The idea of a Gore trade seems to be more of a product of bored writers looking for patterns based off of three observations. First, that the Nationals are bad this season. Second, that Gore has the same amount of time until free agency as Juan Soto had when the Nats traded him. And third, that Gore has Scott Boras for an agent. Bingo bango, you have a situation that demands a trade.

Except that analysis misses a lot of key context differences. To start, the Nats roster today is significantly better than their roster in 2022. On this day three years ago the Nats had two players with a fWAR above one, Juan Soto (2.8) and Josh Bell (2.2).

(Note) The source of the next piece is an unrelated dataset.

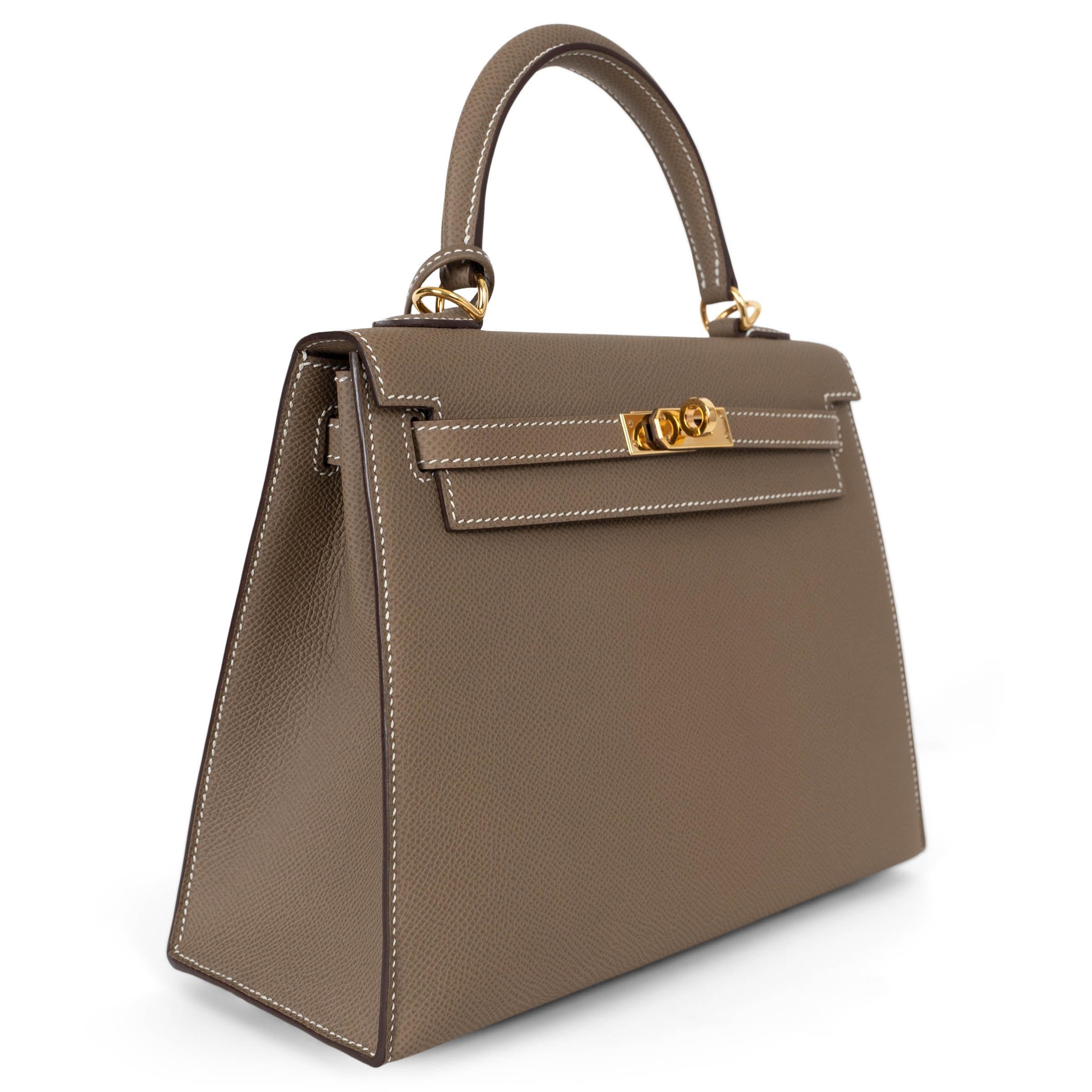 This 100% authentic Hermès Kelly 25 Sellier bag in Etoupe (taupe) Veau Epsom leather is a timeless classic. Featuring elegant contrasting white stitching and gold-plated hardware, it embodies sophistication and understated luxury. The structured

Their next best players were Keibert Ruiz, Victor Robles, and Patrick Corbin. Today they have five, James Wood (3.3), CJ Abrams (2.9), Gore (2.8), Mitchell Parker (1.2), Trevor Williams (1.2), Brad Lord (1.2), and Mike Soroka (1.1). Yes you read that right, both Wood and Abrams have a better fWAR than Soto had when he was traded.

Now you can quibble with how much Parker, Williams and Soroka will really figure into the Nationals future plans, but by future talent today’s Nationals are still in a much better place than they were in 2022. The 2022 team had nine players under 25 make an appearance by the trade deadline, this year’s team nearly doubles that with 17. On the offensive side the Nationals now have a solid core with Wood, Abrams, Dylan Crews, Brady House, and Garcia. Obviously you would love to see Crews and House already hitting at Wood/Abrams levels, but I am confident that with the peripheral numbers we see from both they should be fine.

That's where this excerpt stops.